6. Use an hourly planner
Sometimes, to-do lists grow too long. If you use an hourly planner, you can assign each task an amount of time to complete and note when you are going to complete it. You can then see if you have more tasks to complete than time in a day, and arrange your schedule accordingly. This will limit delays in work, as you’ll be able to give managers and clients more realistic deadlines from the beginning and therefore, meet them.
7. Schedule vacation days
It might seem counterintuitive, but vacations make you more productive. The mental break from work can give you more energy and focus for when you come back to work. Even short breaks can increase your focus, morale and productivity, which, in turn, can drive company morale and productivity.
8. Show up early
Consider developing the habit of arriving at work 15 to 20 minutes early. This extra time can help you avoid the stress of traffic, give you time for coffee and help you to relax and prepare for the day, so you can work effectively. Also, supervisors are often impressed with employees who arrive ready to go.
Related: Tips to Demonstrate Work Ethic
Ways to demonstrate work ethic:
Put away distractions
Ask for help to identify areas for improvement
Spend your time wisely on tasks that align with goals
Organize your notes, inbox and workspaces for increased focus, motivation and time management
Take breaks throughout the day to avoid burnout
Identify motivators such as tasks, goals or colleagues
Practice time management to complete quality, on-time work and be more present in meetings
9. Set productivity challenges
To foster more engagement and energy toward your work while improving your performance, set your own productivity challenges. Strive to do just a bit more than you already do, without compromising quality, during the same amount of time.

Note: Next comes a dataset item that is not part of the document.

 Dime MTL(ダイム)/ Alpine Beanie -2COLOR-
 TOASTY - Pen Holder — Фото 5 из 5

For instance, if you typically write four blog assignments each day, see if you can write five or even six in the same amount of time. You might need to find more efficient ways to research, outline and write the assignments to get it done in a day. This little challenge can give you something to work toward and can make a difference boosting your morale. Plus, your employer will likely notice the slight increases in productivity.

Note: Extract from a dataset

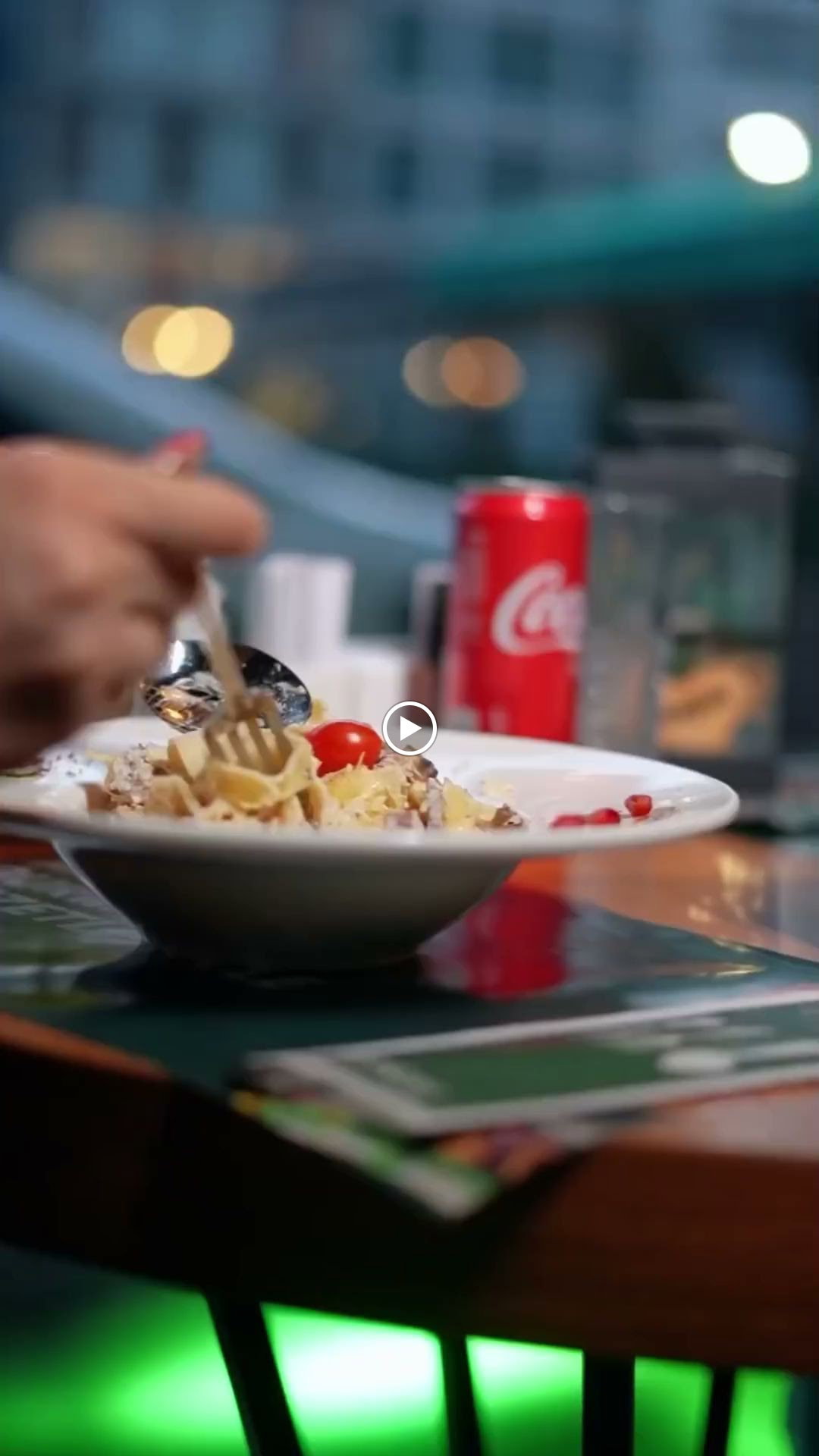 Neşve Cafe&Restaurant Bosna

10. Use online productivity tools
Online productivity tools can help you keep track of all your tasks and make progress toward bigger goals. Some software tools have free features that are easy to use on your own. You can organize and plan each of your goals in the system to see them visually.

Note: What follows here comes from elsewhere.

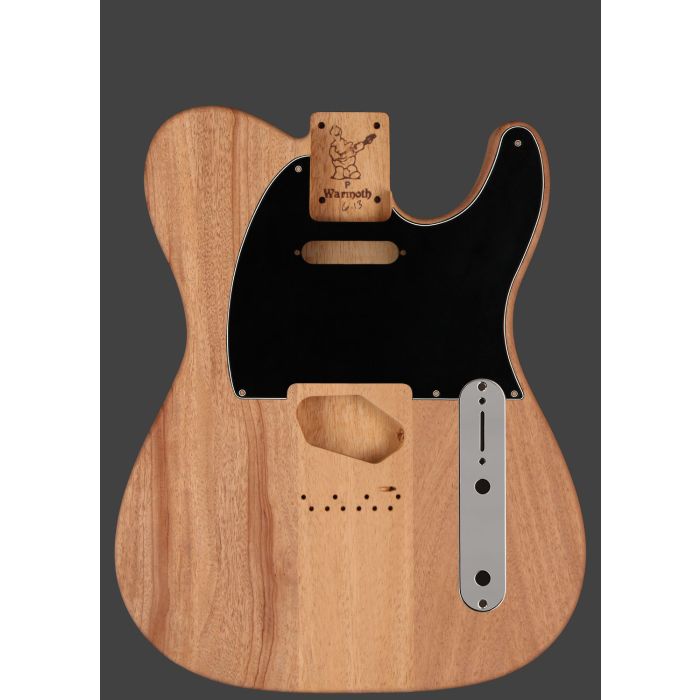 Tele® Replacement Body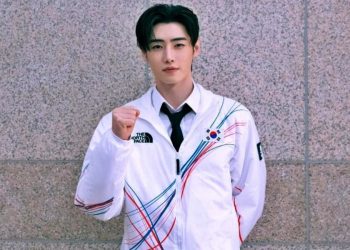 From Ice Prince to Torchbearer: ENHYPEN's Sunghoon Appointed as Torchbearer for 2026 Winter Olympics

11. Learn more about top performers
Consider the people in a similar role or in your workplace who are constantly getting praise or reaching top metrics. Try observing their strategies and implementing new strategies to improve your own performance. You could ask them to discuss the challenges you face in the role and as a team. Find experts in your industry and read their blogs, watch their videos, listen to their podcasts or read their books. It is possible that you will be able to get some insight on how to become one of the top performers, too.
12. Use feedback
If you’ve received any constructive criticism during annual reviews, performance reviews or other settings, implementing this advice should be your first step in improving your work performance. Feedback based on your performance is very useful not only, to identify what you need to work on; but also, to understand what your employer values and how you can become an indispensable employee. Criticism is a measurement of your performance and can give you a place to focus your efforts.